It took us two weeks to reach Nairobi and after our arrival, we were allowed to stay as fleeing refugees. The future hope of peace was getting bleaker everyday and war was raging in every corner of Somalia. There was no place to stay and nowhere to return. The only option left was to seek safe sanctuary anywhere we could find.

I began to think over the future, hoping against hope that war will stop and clans and communities will reconcile and eventually bring to an end the life in the Diaspora. Three million people were displaced and half a million lost their lives; to this day, the war has never stopped.

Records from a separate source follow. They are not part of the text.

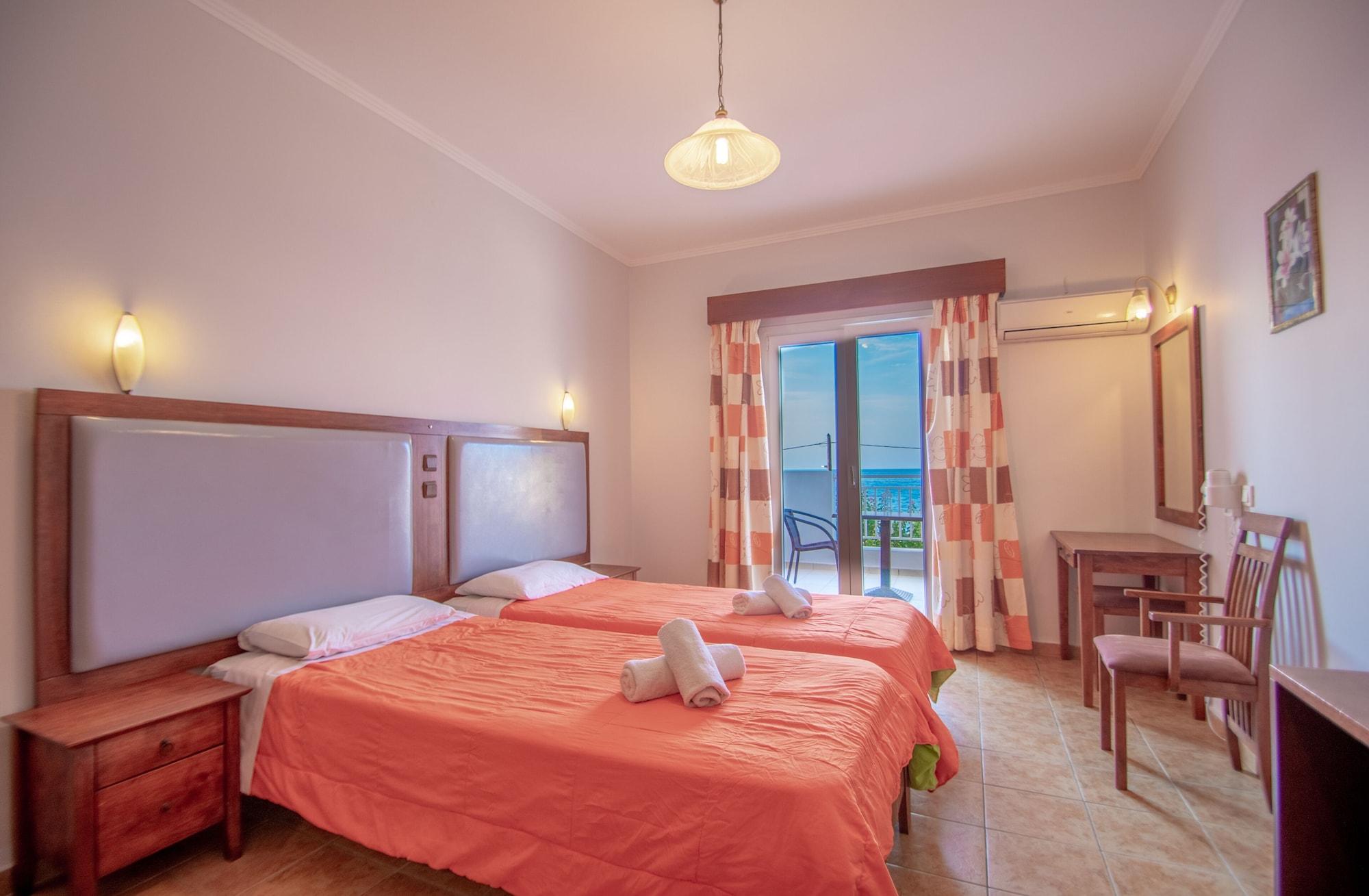 ארגאסי Agoulos Beach Hotel מראה חיצוני תמונה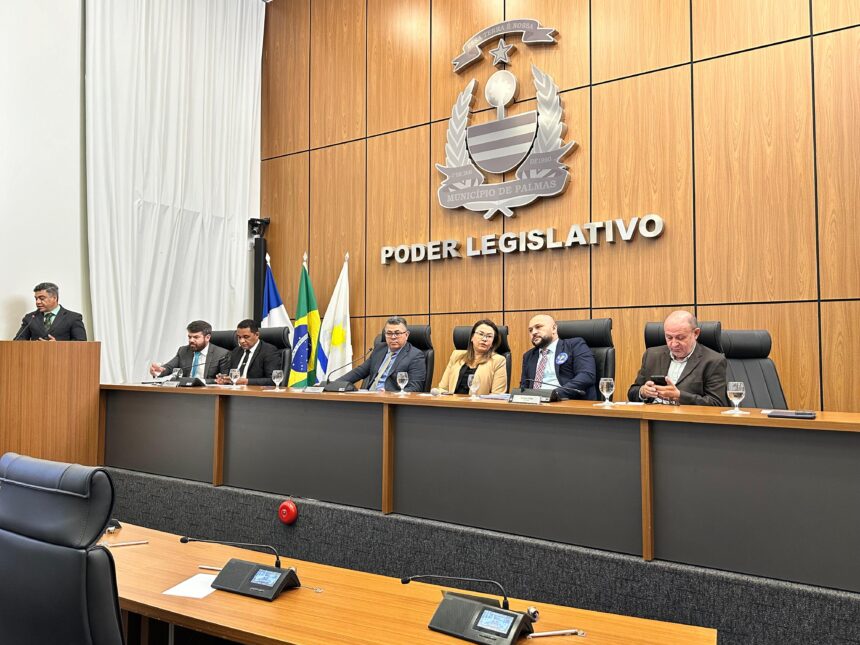 Câmara Municipal de Palmas realiza audiência pública para prestação de contas da saúde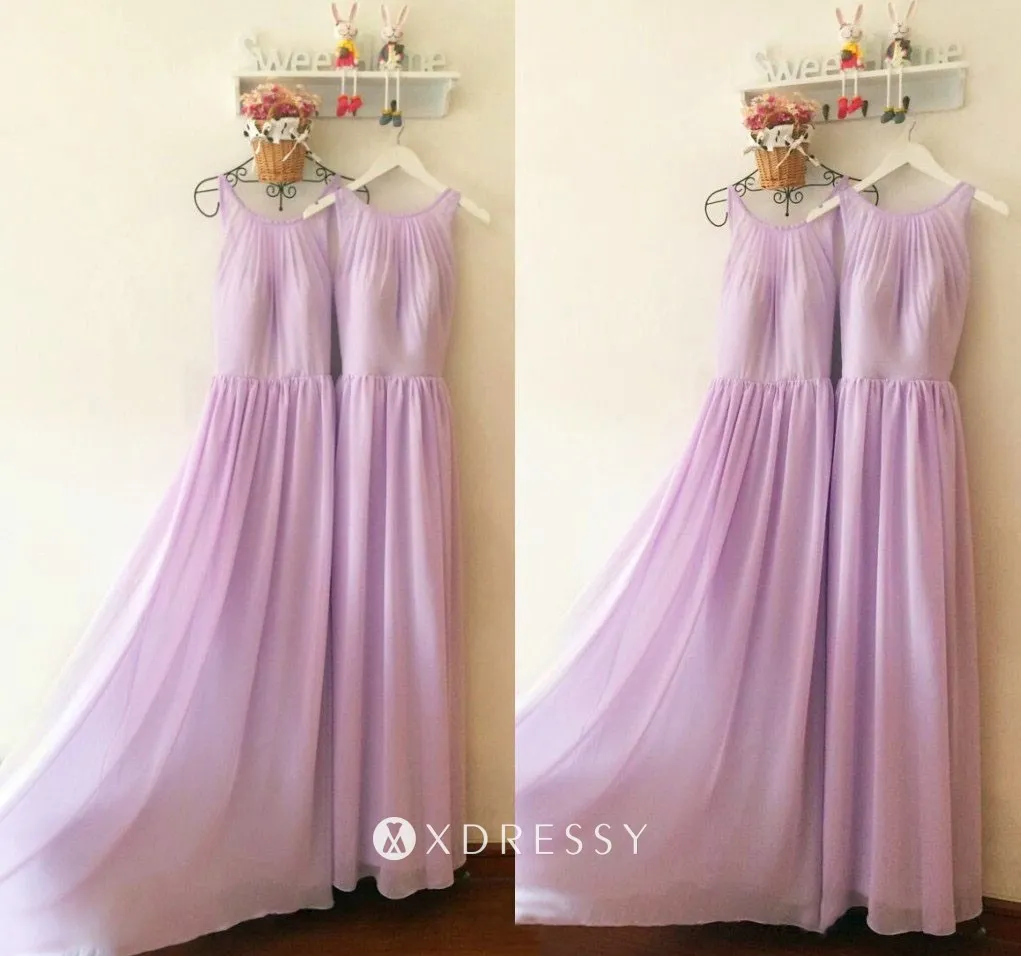 flowy lilac chiffon sleeveless bridesmaid dresses flowy lilac chiffon sleeveless bridesmaid dresses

Twenty years later, some of my family members still suffer the trauma and the mental scars of the war.

Fortunately, with my immediate family, I was granted asylum in the Netherlands and after spending a year in a reception center and five years residing in the Dutch city of Groningen , the US government offered to resettle us in America through a diversity visa program that every year allows 100,000 families and individuals from different parts of the world to settle in the United States of America.

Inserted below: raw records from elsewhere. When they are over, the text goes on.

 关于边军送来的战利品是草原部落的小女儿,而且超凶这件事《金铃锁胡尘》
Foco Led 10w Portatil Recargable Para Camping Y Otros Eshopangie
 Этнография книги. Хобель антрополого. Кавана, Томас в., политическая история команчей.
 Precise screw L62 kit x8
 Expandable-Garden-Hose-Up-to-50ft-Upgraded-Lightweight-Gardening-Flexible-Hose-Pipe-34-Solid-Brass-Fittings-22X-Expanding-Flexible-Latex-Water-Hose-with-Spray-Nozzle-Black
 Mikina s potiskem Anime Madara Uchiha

Now in a safe environment, I realize that I have also a responsibility towards my new adopted land. I have to be a productive citizen and be able to look after the well being of my family. As an IRS employee, currently residing in Ashburn – Virginia, (30 miles west of Washington, DC), I’m grateful to this country for having provided me an ample opportunity for good career, decent living, safe environment and the ability to send two of my children to college.

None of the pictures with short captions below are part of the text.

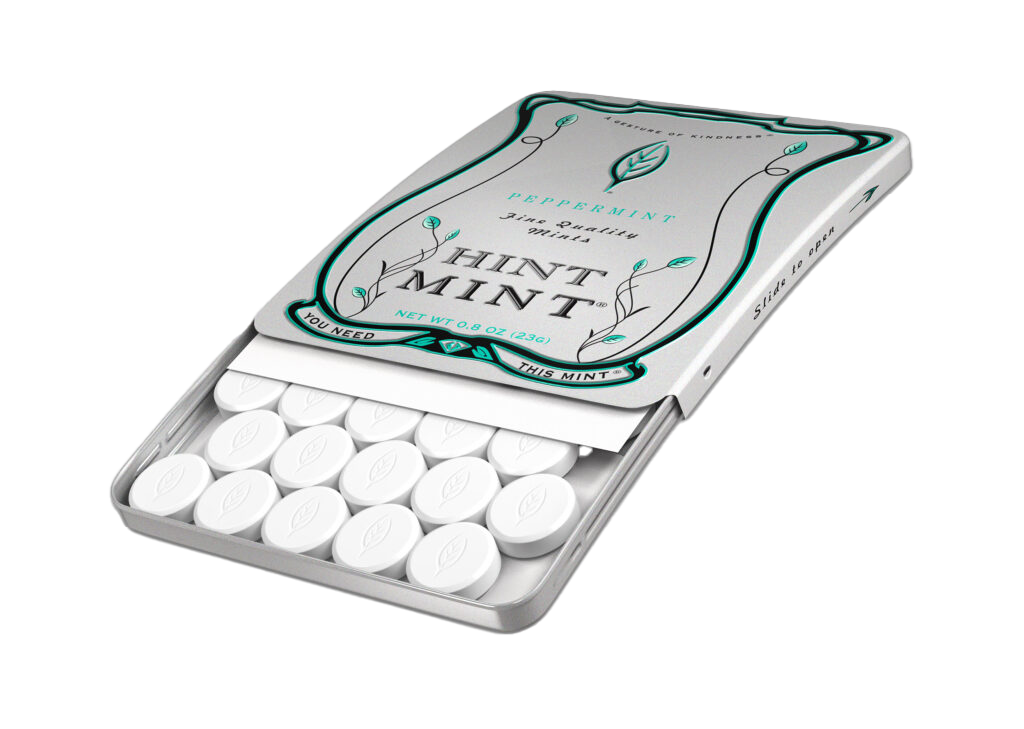 Hint Mint product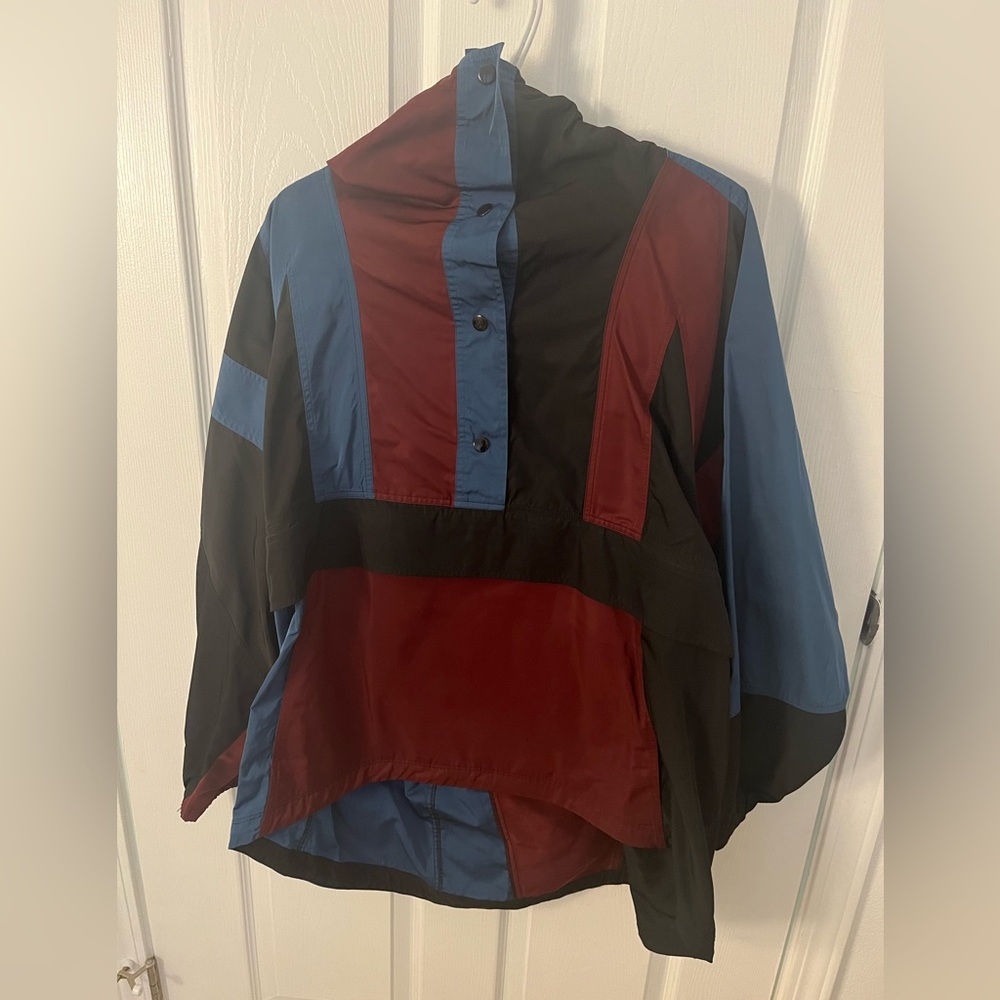NICOPANDA Multicolor Windbreaker Jacket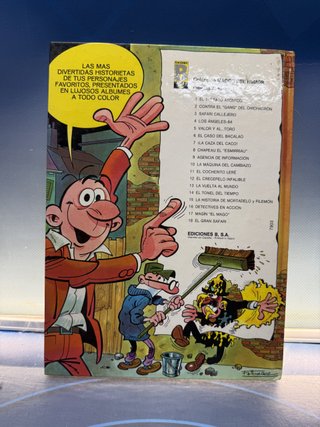 Mortadelo y Filemon - Comic, la historia de mortadelo y filemon, tapa dura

Every morning, on my way to work through the mountains of Shenandoah Valley in West Virginia, I ponder of my long journey from Africa to America.

Abdisalam m Garjex Ashburn – Virginia (USA) amabdulle@hotmail.com


  1. I was lost for a moment but yeah well done for your academic achievements and with your career at Virginia.

    However the way you started, I was thinking he was going to advice Somaliland's Electoral Commission and how to use them in a productive manner.

    Keep it up Mr Garjex

  2. Truly an inspirational story of overcoming massive obstacles and yet never forgeting your past. I like that very much.